Updated

The southern Russian city where the Red Army decisively turned back Nazi forces in a key World War II battle will once again be known as Stalingrad, at least on the days commemorating the victory, the regional legislature declared Thursday.

The city was renamed Volgograd in 1961 as part of the Soviet Union's rejection of dictator Joseph Stalin's personality cult. But the name Stalingrad is inseparable with the historic battle, which was among the bloodiest in history with combined losses of nearly 2 million people.

Regional lawmakers' decision to use the historic name in city statements on Feb. 2, the day of the Nazi defeat, as well as several other war-related dates each year, has angered many in Russia where Stalin's name and legacy continues to cause fiery disputes nearly 60 years after his death.

Russia's human rights ombudsman Vladimir Lukin sharply criticized the move, saying it should be declared void by court.

"This is an insult of the memory of those who died," he said, according to the Interfax news agency.

Nikolai Levichev, a senior federal lawmaker with the leftist Just Russia party, condemned the restoration of the old city name, saying "it's blasphemous to rename the great Russian city after a bloody tyrant who killed millions of his fellow citizens." Levichev added that the country won the war "despite rather than thanks to" Stalin's leadership, whose errors multiplied the Soviet losses.

Stalin led the Soviet Union from 1924 until his death in 1953. Communists and other hardliners credit him with leading the country to victory in World War II and making it a nuclear superpower, while others condemn his brutal purges that killed millions of people.

President Vladimir Putin, a former KGB officer, has avoided open public praise or criticism of Stalin, but he has restored Soviet-era symbols and tried to soften public perceptions of the dictator. Kremlin critics have seen attempts to whitewash Stalin's image as part of Putin's rollback on democracy.

In recent years, many in Russia were outraged by government-sponsored school textbooks that painted Stalin in a largely positive light and the reconstruction of a Moscow subway station that restored old Soviet national anthem lyrics praising Stalin as part of its interior decoration.

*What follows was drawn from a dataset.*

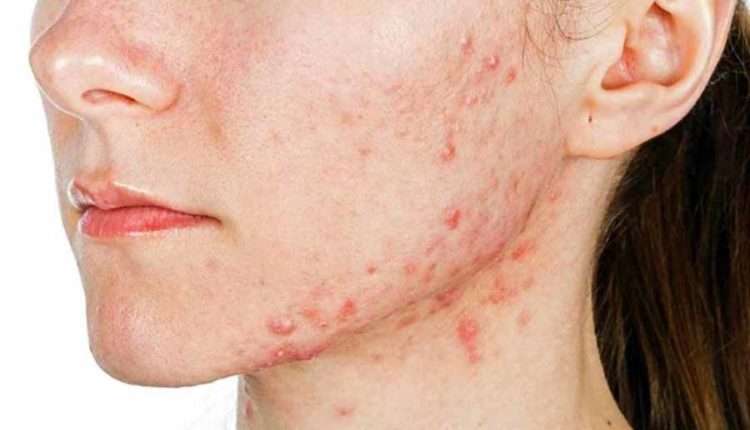 Some Tips About Foods That can Cause Skin Allergy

In addition to the Volgograd legislature's move to restore the old name of the city, authorities in Volgograd, St. Petersburg and the Siberian city of Chita ordered images of Stalin to be put on city buses on Feb. 2 to commemorate the historic battle.

Yan Raczynski of Memorial, a leading Russia's human rights group, was quoted as saying by Interfax that the authorities' moves highlighted the nation's failure to "legally and politically recognize the crimes committed by the Bolshevik regime, particularly Stalin and his inner circle."

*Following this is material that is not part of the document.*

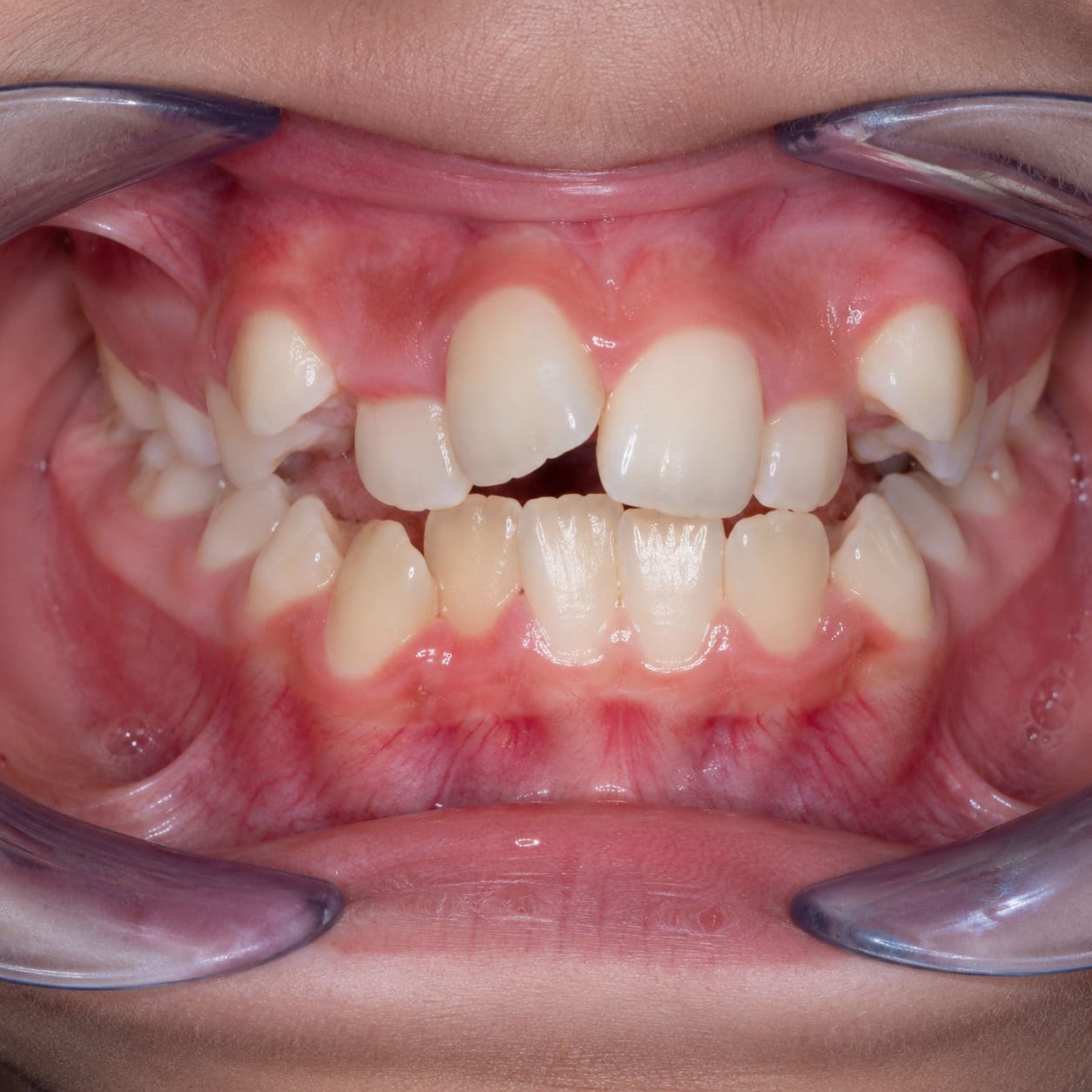 Falta de espacio dental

In turn, communists said the decision to restore the name of Stalingrad for just a few days each year is just a half-step. Communist lawmakers met with World War II veterans and sent a letter to Putin urging the government to fully rename the city, the party said in a statement.

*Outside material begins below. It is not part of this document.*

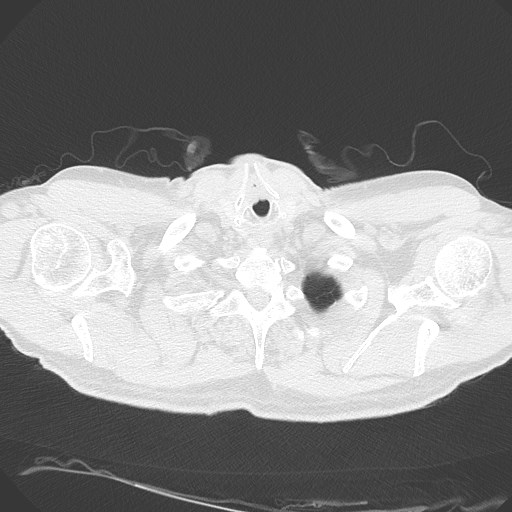 Caplan syndrome (Radiopaedia 56667-63530 Axial lung window 15).jpg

But Sergei Zheleznyak, a top lawmaker with United Russia, the main Kremlin party dominating parliament, said there were no plans to fully restore the old name.

On Saturday, Russia plans extensive ceremonies to mark the 70th anniversary of the battle, which raged for half a year in 1942-43 with the Red Army resisting the Nazi onslaught in fierce street fighting and then encircling and capturing more than 100,000 Nazi soldiers.